Learn everything about Analytics

8 Reasons Why Analytics / Machine Learning Models Fail To Get Deployed

, / 13


Don’t be a data scientist whose models fail to get deployed!

An epic example of model deployment failure is from Netflix Prize Competition. In a short story, it was an open competition. Participants had to build a collaborative filtering algorithm to predict user rating for films. The winners received grand prize of US$1,000,000. In the end, the complete model never got deployed.

Not just Netflix, such dramatic events occurs in most of the companies. Recently, I have been talking with C-Suite professionals of many leading analytics companies. The biggest concern I hear about is 50% of the predictive models don’t get implemented.

Would you want to build a model which doesn’t gets used in real world ? It’s like baking a cake which you’ve tasted and found wonderful but would never be eaten by anyone.

In this article, I have listed down all the possible reasons which you should keep in mind while building models. In my career, I’ve faced such situations many a times. Hence, I think my experience could help you in overcoming such situations.

Model Deployment failure in analytics / data science


8 Reasons For Model Deployments Failure

1. High amount of false positive : This might seem a bit technical. Here, it’s important to understand what is false positive?In a classification model, assume that we want to predict whether the customer is a responder (one who give answers) or a non-responder (one who doesn’t).

Imagine that you predict that a person X will be a responder but in reality he does not respond. Person X in this case is called a false positive. So how does this effect in real world ? I knew you would ask this question. 

Let’s take an example. For instance, you have given the responsibility to build a retention campaign for 1000 customers. Out of these 1000, 100 customers will actually attrite (leave). You create an amazing model which has a 4X lift on top decile (10 equal large subsections).

This means, out of your top 100 predicted customers, 40 customers will actually attrite. So, you recommend the business to target all these 100 customers with a fascinating shopping offer which can stop them from attriting. But, here’s the challenge.

The challenge is that for every dollar you spend on each of these customers, only $0.4 get used to stop attrition. Rest $0.6 just go to false positive customers who were really not in a mood of attrition. This calculation will some times make these models less likely to be implemented as a result of negative P&L (Profit & Loss). 


2. Low understanding of underlying models with business : Lately, there has been a rising requirement of using machine learning algorithms and more complex techniques for model building. In other words, companies are drifting away from using traditional models techniques.

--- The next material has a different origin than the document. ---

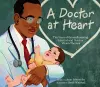 A Doctor at Heart cover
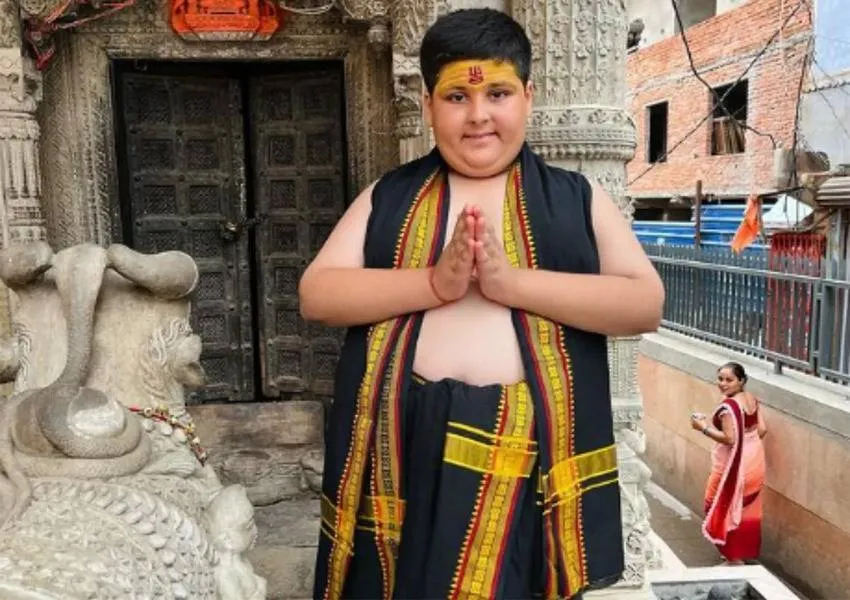 Abhinav Arora Abhinav Arora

Undoubtedly, using ML techniques lead to an incremental power of prediction, but the businesses are still not very receptive to such black box techniques. In my experience, this leads to a lot longer lead time for a predictive strategy to get implemented. And as most of the applications in business are highly dynamic, the model become more and more redundant with higher lead time.      BlackBoxQuestion

3. Not enough understanding of the business problem: Predictive models are good for resumes of both analyst and the business counterparts. However, that is not the purpose of the model you would build. In some cases, analyst run into creating model phase and try to cut down the time that should have been allotted to understanding the business problem.



4. Too complex models for implementation : Predictive power of models is the soul of these exercises. But in general, predictive power comes at a cost of complexity of models. We start bringing in bivariates and tri-variates to make models stronger, even when these variables make no sense as per business. Such models might be amazing in books, and hence, they just stay in these books and never see the actual light of real-world.

analytics (1)


5. Not addressing the root cause just trying to improve the effect of a process : Why do we make models? The most important reason is to find the drivers of a particular response. What are these drivers? Drivers are always the root cause of response rate. What will happen if you bring in all the effects as the input variable and these variables also come out as significant? It will hardly be of any use as you are not changing things that can really bring changes .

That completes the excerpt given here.